Roger Ebert's review reflected my own reaction to the movie:
The thing is, he [Shadyac] doesn't ask enough. He is not a skeptic. He asks his two questions and mashes together the answers with a lot of fancy editing of butterflies, sunsets, flocks of birds, schools of fish, herds of wild animals and Petri dishes filled with yogurt. From his tour emerges one conclusion: Everything is connected. Our minds, our bodies, our planet, our universe. This happens (you can see this coming) at the quantum level.
Another thing he learns is that money is the root of all evil. Like the fish, birds, animals and untouched tribes, we have evolved to cooperate and arrive at consensus. By competing to enrich ourselves, we create bad vibes. Give Shadyac credit: He sells his Pasadena mansion, starts teaching college and moves into a mobile home (in Malibu, it's true). Now he offers us this hopeful if somewhat undigested cut of his findings, in a film as watchable as a really good TV commercial, and just as deep.
One of the people I saw "I Am" with is a computer science professor at Willamette University. When the movie was over I was curious to learn what she thought about it. Her first comment: "How could computerized random number generators be affected by people's emotions about the 9/11 attacks? The random numbers are generated by algorithms."
She was referring to scenes in the movie that describe findings of the Global Consciousness Project. (Though the project web site is hosted by Princeton University, the project doesn't have any connection with Princeton, being an effort of the Institute of Noetic Sciences.)
Previously I'd heard that random number generators around the world became slightly non-random around the time of the 9/11 attacks, the Indonesian tsunami, and other events that shook up the consciousness of massive numbers of people.
I was skeptical about this when I first learned of the supposed finding. I still am. Wikipedia has a good summary of scientific criticism toward what the Global Consciousness Project claims to have found.
My main problem with New Age'y stuff like this isn't that people are exploring possible mysterious links between human consciousness and "non-local" events where mind seemingly couldn't affect matter.
That's fine. But scientific research involves more than just collecting reams of data that correlate two or more factors, such as the behavior of random number generators and traumatic world events.
There needs to be at least a modicum of hypothesizing happening also. Why and how could there be a connection between what transpires in millions of human minds and the mechanical software/hardware of computers?
Here's an article, "Mind Over Matter," about the random number generator research. It quotes Roger Nelson, director of the Global Consciousness Project. (The "eggs" are small random number generators.)
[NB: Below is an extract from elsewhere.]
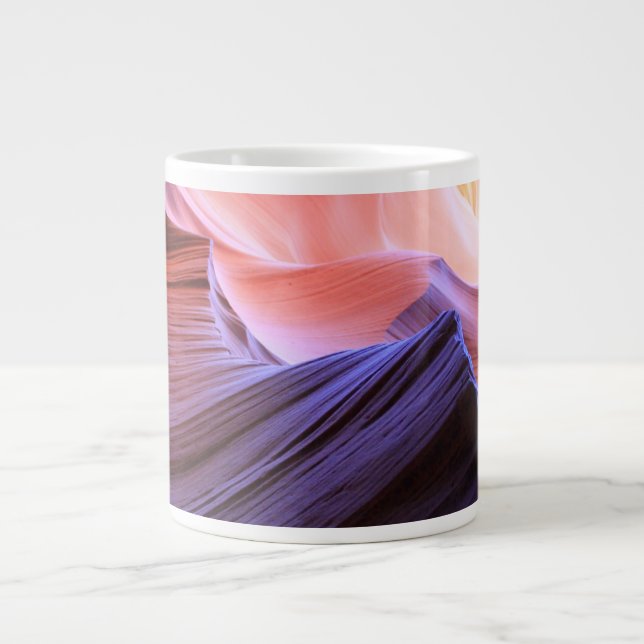 Caneca De Café Grande Jumbo Mug (Frente)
Roger Nelson describes the experiment as "an important insight into human behaviour on a large scale" which potentially "might help us consider a more credible, co-operative future than we are (now) able to imagine".
Yet he also concedes that the data, so far, is not solid enough for global consciousness to be said to exist at all. It is not possible, for example, to look at the data and predict with any accuracy what (if anything) the eggs may be responding to, although some of the results do raise interesting questions.
So at the time the story was written, 2007, there wasn't enough evidence to support a claim that global consciousness exists. Yet the movie "I Am," released in 2011 and obviously made prior, glowingly asserts that the random number generators proved that human emotions can affect inanimate matter.
I just wish that Shadyac had limited himself to the virtually unarguable aspects of his well-made movie, which I enjoyed a lot and was inspired by. Yes, we all need to ponder what's wrong with the world and how we can make it better.
However, there's no need to posit unproven supernatural phenomena. What's wrong with simply being human, and acting compassionately toward other people, animals, the Earth, and ourselves?